- [Supplied data]:
※

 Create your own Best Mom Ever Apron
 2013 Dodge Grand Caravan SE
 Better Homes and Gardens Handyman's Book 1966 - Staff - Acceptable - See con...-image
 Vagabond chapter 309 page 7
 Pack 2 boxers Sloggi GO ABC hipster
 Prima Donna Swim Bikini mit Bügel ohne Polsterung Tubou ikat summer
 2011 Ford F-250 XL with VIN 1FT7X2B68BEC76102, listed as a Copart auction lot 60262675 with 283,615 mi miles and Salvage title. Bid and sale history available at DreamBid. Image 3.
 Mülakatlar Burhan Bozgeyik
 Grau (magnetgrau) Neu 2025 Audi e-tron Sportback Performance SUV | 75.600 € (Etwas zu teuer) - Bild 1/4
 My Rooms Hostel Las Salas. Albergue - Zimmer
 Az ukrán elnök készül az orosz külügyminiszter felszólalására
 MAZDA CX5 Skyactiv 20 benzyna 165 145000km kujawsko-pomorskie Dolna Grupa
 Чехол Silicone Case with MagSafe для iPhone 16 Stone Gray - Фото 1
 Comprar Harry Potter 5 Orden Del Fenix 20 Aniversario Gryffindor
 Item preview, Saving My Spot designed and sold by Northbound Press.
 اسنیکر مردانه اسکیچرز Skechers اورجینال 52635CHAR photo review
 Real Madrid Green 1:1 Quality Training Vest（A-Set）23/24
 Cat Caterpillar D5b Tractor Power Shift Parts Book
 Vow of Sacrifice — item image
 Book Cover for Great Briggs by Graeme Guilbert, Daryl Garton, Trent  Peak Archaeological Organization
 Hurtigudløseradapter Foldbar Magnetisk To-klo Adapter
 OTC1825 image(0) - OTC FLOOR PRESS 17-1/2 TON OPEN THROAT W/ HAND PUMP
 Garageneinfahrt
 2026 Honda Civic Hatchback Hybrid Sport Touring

※

- [Task objective]: Nothing above should be left out. Print all the records exactly.

- [Answer section]:
 Create your own Best Mom Ever Apron
 2013 Dodge Grand Caravan SE
 Better Homes and Gardens Handyman's Book 1966 - Staff - Acceptable - See con...-image
 Vagabond chapter 309 page 7
 Pack 2 boxers Sloggi GO ABC hipster
 Prima Donna Swim Bikini mit Bügel ohne Polsterung Tubou ikat summer
 2011 Ford F-250 XL with VIN 1FT7X2B68BEC76102, listed as a Copart auction lot 60262675 with 283,615 mi miles and Salvage title. Bid and sale history available at DreamBid. Image 3.
 Mülakatlar Burhan Bozgeyik
 Grau (magnetgrau) Neu 2025 Audi e-tron Sportback Performance SUV | 75.600 € (Etwas zu teuer) - Bild 1/4
 My Rooms Hostel Las Salas. Albergue - Zimmer
 Az ukrán elnök készül az orosz külügyminiszter felszólalására
 MAZDA CX5 Skyactiv 20 benzyna 165 145000km kujawsko-pomorskie Dolna Grupa
 Чехол Silicone Case with MagSafe для iPhone 16 Stone Gray - Фото 1
 Comprar Harry Potter 5 Orden Del Fenix 20 Aniversario Gryffindor
 Item preview, Saving My Spot designed and sold by Northbound Press.
 اسنیکر مردانه اسکیچرز Skechers اورجینال 52635CHAR photo review
 Real Madrid Green 1:1 Quality Training Vest（A-Set）23/24
 Cat Caterpillar D5b Tractor Power Shift Parts Book
 Vow of Sacrifice — item image
 Book Cover for Great Briggs by Graeme Guilbert, Daryl Garton, Trent  Peak Archaeological Organization
 Hurtigudløseradapter Foldbar Magnetisk To-klo Adapter
 OTC1825 image(0) - OTC FLOOR PRESS 17-1/2 TON OPEN THROAT W/ HAND PUMP
 Garageneinfahrt
 2026 Honda Civic Hatchback Hybrid Sport Touring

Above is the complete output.